L'affaire Guy Turcotte revient cette semaine dans l'actualité avec le lot d'émotions qu'elle suscite. Pétitions, manifestations, pages Facebook, le verdict de non-responsabilité criminelle et les travaux de la Commission d'examen des troubles mentaux continuent de susciter de vives réactions dans la population. Et encore plus, dans les maisons d'aide et d'hébergement pour femmes victimes de violence conjugale.

Depuis la tombée du verdict, des femmes y arrivent plus craintives. Plusieurs ont confié que leur conjoint avait menacé de porter atteinte à leur vie et celle de leurs enfants, comme l'avait fait Guy Turcotte. Les femmes se sont retrouvées paralysées par la crainte que leur ex-conjoint voie dans ce verdict le feu vert social pour mettre ses menaces à exécution. Comment les rassurer?

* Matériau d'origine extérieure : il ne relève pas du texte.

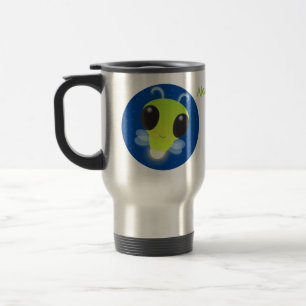Taza De Viaje Ilustracion personalizado de luciérnaga con brillo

Malgré les progrès des 30 dernières années, notre système de justice peine encore à tenir compte de la violence conjugale. Que ce soit de manière préventive, dans les décisions entourant les droits de garde et d'accès aux enfants ou dans le cadre des procès criminels, on minimise encore la gravité des gestes, leur impact et les risques qui y sont associés.

Si le conjoint a des antécédents judiciaires, c'est déjà un peu plus simple. Mais si la victime n'a jamais porté plainte pour des agressions passées, ou si le conjoint a réussi à installer son emprise, à créer un climat de peur, sans jamais lever la main sur sa conjointe ou sur ses enfants, le système de justice passe souvent à côté.

Pourtant, on sait que, parmi les conjoints accusés d'homicide, plusieurs n'avaient jamais eu recours à la violence physique, criminelle au sens de la loi. Et rares sont ceux qui souffraient de troubles mentaux. On sait aussi que la violence conjugale ne prend pas fin avec la rupture. Plusieurs conjoints profitent de leurs droits de garde ou d'accès pour continuer à menacer, à harceler leur ex-conjointe, certains utilisent les enfants, d'autres tournent leur violence vers ceux-ci. Certains vont même jusqu'au meurtre.

Le moment entourant la rupture est celui où les risques d'homicide conjugal et familial sont les plus grands. Dans un cas comme dans l'autre, la femme n'aura plus jamais la vie qu'elle avait avant.

Pourrait-on éviter cela? Certainement! D'abord, le ministère de la Justice doit former les intervenants judiciaires pour qu'ils puissent différencier un incident isolé de violence d'une situation de violence conjugale. Aussi appelée domination conjugale ou terrorisme intime, cette violence s'appuie sur une intention de contrôle. Que ce soit avant ou après le fait, les avocats pourraient mieux conseiller le tribunal sur les mesures les plus appropriées pour assurer la sécurité des victimes et favoriser la responsabilisation puis la réhabilitation de l'agresseur.

Ainsi conscientisé aux risques inhérents à la violence conjugale, le tribunal de la famille pourrait encadrer les droits de visite des pères qui ont fait usage de violence conjugale ou familiale. Mais pour permettre ce choix, il faudrait que les ministères concernés (Justice, Famille, et Santé et Services sociaux) rendent accessibles dans toutes les régions du Québec, des centres de supervision de droits d'accès, qui répondraient à des normes de sécurité et dont le personnel aurait la formation nécessaire. L'accès aux enfants ou l'échange de garde pourrait ainsi se faire sereinement. Les femmes dont la sécurité est menacée n'auraient plus à chercher des lieux publics, à requérir l'accompagnement de proches ou même de la police. Elles pourraient y conduire leurs enfants sans craindre de se faire suivre ou agresser, sans craindre que leurs enfants ne soient molestés.

Le gouvernement du Québec prépare un plan d'action en matière de violence conjugale, répondra-t-il présent? Nous aidera-t-il à rassurer les femmes qui craignent que leur conjoint prenne exemple sur le Dr Turcotte? Nous ne pouvons que l'espérer.